(Problem to solve): From the first line to the last, copy the material exactly and leave the pictures out.

### Data shown ###

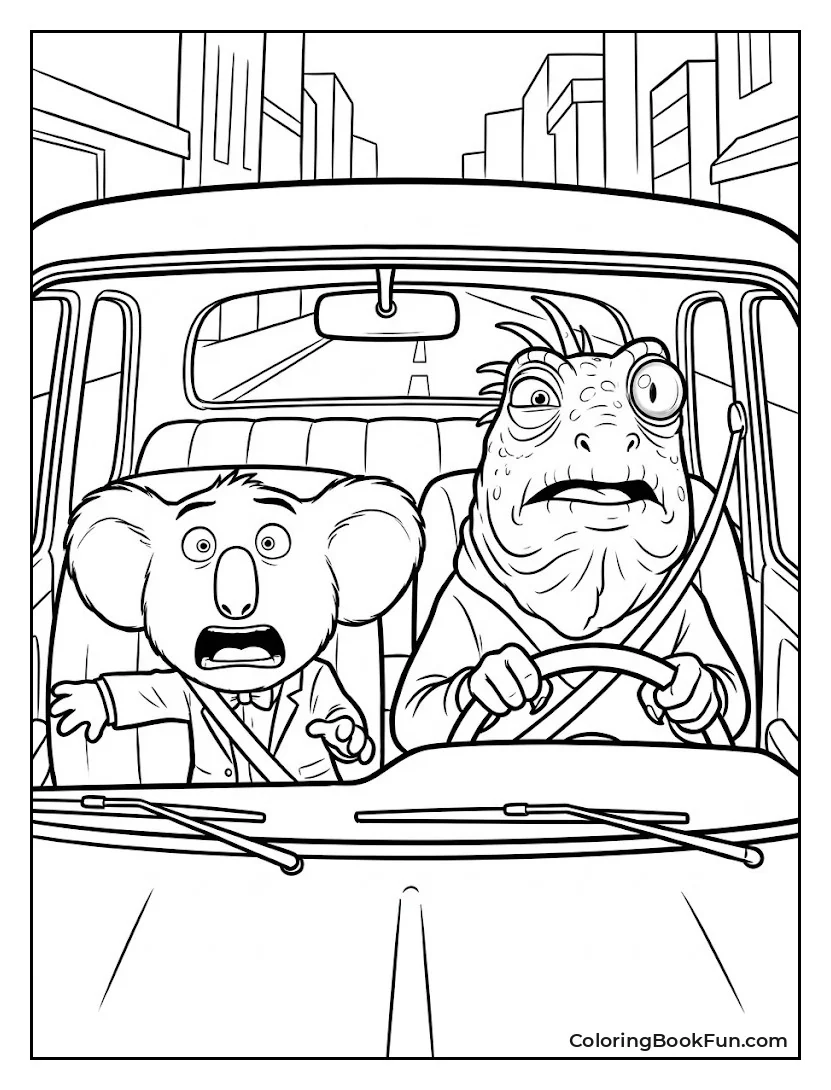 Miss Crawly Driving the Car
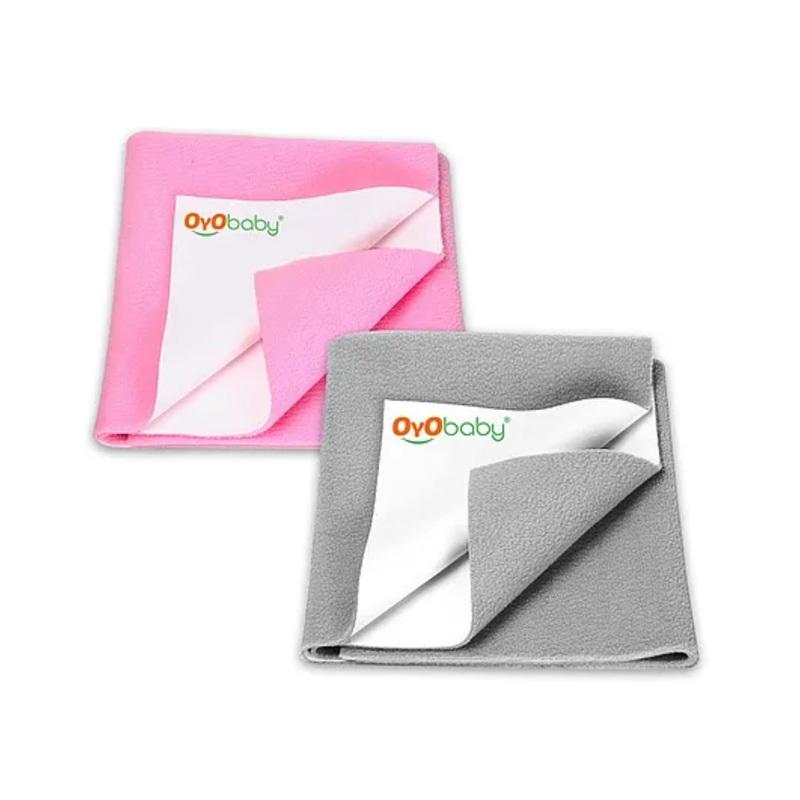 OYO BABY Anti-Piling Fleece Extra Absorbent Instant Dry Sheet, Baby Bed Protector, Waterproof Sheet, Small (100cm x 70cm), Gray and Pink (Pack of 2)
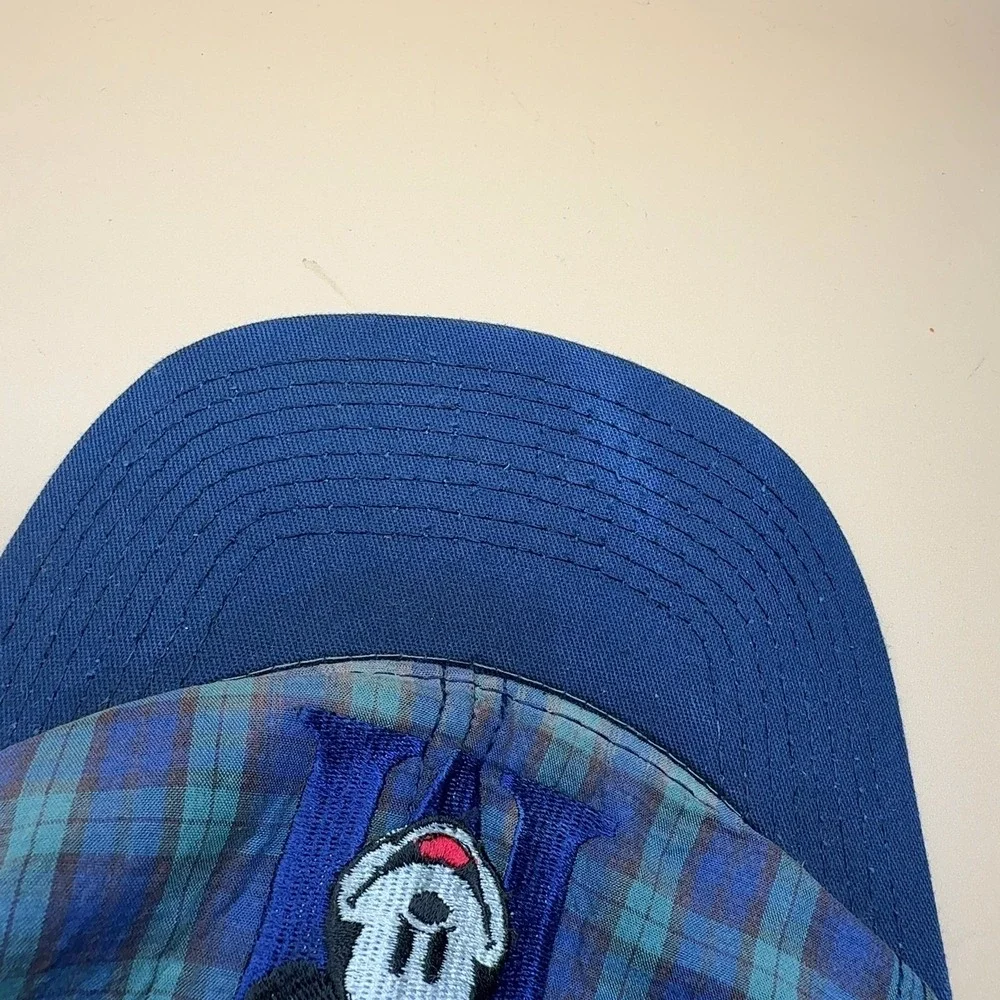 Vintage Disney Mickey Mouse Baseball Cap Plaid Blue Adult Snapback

###

(Answer to the exercise):
 Miss Crawly Driving the Car
 OYO BABY Anti-Piling Fleece Extra Absorbent Instant Dry Sheet, Baby Bed Protector, Waterproof Sheet, Small (100cm x 70cm), Gray and Pink (Pack of 2)
 Vintage Disney Mickey Mouse Baseball Cap Plaid Blue Adult Snapback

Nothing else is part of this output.